As a graduate linguist I know what Hugo is referring to and agree with his premise - the 'rhythms' of language are acquired very early in life and stay with us, and this does have an inhibiting effect on learning new languages later in life. Indeed, whenever I go to visit Italy, for example, it takes me a day or so for my ear to 'tune in' to the natural rhythm of Italian and until it does so, I struggle to understand what is being said. HST, the differences between American spoken English and British spoken English are much less pronounced, although on occasion I do struggle a little with some of the more 'unusual' American accents (by which I mean accents I don't usually hear much). I imagine it is the same for Americans if they listen to British accents from the North East or South West of England, or from Glasgow in Scotland. I know Americans who sometimes have to turn on the subtitles in order to be able to decipher some of these regional accents (and sometimes I struggle a little myself, especially with Glaswegian for example).

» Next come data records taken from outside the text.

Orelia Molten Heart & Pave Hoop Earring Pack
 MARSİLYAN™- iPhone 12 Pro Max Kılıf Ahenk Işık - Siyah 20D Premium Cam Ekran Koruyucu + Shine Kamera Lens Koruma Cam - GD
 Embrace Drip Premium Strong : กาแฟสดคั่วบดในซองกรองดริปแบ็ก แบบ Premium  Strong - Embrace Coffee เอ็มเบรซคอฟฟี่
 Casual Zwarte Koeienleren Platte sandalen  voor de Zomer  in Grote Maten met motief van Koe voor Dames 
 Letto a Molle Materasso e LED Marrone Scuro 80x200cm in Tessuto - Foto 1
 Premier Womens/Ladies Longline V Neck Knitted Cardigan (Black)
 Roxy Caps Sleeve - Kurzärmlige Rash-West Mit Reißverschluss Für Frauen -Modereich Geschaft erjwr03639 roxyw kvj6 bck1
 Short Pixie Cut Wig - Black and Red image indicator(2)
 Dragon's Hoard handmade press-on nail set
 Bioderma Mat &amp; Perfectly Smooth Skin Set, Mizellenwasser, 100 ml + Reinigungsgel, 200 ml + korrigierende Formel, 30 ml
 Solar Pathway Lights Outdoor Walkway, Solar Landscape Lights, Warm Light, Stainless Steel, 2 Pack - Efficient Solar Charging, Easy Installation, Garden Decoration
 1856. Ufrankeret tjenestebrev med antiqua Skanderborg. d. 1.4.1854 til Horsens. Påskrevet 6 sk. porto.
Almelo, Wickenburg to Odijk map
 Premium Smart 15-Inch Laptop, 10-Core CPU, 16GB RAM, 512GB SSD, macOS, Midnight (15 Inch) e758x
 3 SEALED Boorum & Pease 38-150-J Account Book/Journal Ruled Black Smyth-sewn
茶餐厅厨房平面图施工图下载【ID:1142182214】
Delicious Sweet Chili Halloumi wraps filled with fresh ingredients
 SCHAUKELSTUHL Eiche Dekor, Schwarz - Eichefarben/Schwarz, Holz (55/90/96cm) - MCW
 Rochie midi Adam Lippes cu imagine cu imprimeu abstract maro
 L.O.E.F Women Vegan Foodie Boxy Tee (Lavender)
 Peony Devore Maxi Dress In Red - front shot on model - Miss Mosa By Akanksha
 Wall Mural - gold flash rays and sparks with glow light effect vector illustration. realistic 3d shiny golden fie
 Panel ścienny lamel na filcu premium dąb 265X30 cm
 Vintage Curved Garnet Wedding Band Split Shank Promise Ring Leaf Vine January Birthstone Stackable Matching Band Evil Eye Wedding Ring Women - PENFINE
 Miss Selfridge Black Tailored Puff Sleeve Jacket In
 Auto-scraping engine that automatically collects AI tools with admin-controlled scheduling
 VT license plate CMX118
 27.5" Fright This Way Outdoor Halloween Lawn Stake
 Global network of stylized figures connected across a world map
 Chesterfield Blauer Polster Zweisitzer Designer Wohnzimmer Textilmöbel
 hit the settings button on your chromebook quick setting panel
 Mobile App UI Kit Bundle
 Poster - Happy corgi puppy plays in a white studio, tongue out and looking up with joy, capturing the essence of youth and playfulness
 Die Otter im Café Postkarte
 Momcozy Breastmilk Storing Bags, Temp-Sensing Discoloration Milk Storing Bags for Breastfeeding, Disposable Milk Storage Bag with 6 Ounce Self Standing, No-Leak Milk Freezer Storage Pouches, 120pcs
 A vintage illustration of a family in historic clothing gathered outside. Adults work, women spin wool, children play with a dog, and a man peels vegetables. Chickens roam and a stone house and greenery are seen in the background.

What I think all this boils down to is the importance of ensuring that the centre channel dialogue is as clear as it can be - and in this regard I have found, personally, that dampening reflections with room treatments (plus using Audyssey of course) has made the most significant improvement, once one assumes a decent centre channel speaker with proper placement, correct toe-up (!) etc. and a properly EQd system.
While I do take your point, Jeff, that a system that is good for music will also be good for movies (which, logically, has to be the same as saying that a system that is good for movies will also be good for music), I do maintain that intelligibility of the human voice (dialogue) is paramount for movies and perhaps a little less so for music. HST, I agree that a system built around the twin premises of accuracy and transparency to the source will sound good on any content it is charged with reproducing and thus the entire discussion is probably pointless ;) This is not, of course, to be conflated with saying that a system used primarily for movies needs to be designed with all of the same parameters in mind as for one that is primarily designed for music. For music, I do not need two subwoofers with virtually flat response into single figures and for movies I would be prepared to sacrifice, for example, and if I had to choose, some extreme top end for a little more clarity on dialogue reproduction. The huge 'distraction' of the visuals diminishes the need to be so absolutely critical of whether the massed violins in the score have all the openness and 'airiness' they can muster, for example - whereas if you didn't quite catch Morpheus saying that his belief system does not require that you believe the same as he does, well, you may have missed the entire point of the movie <LOL>.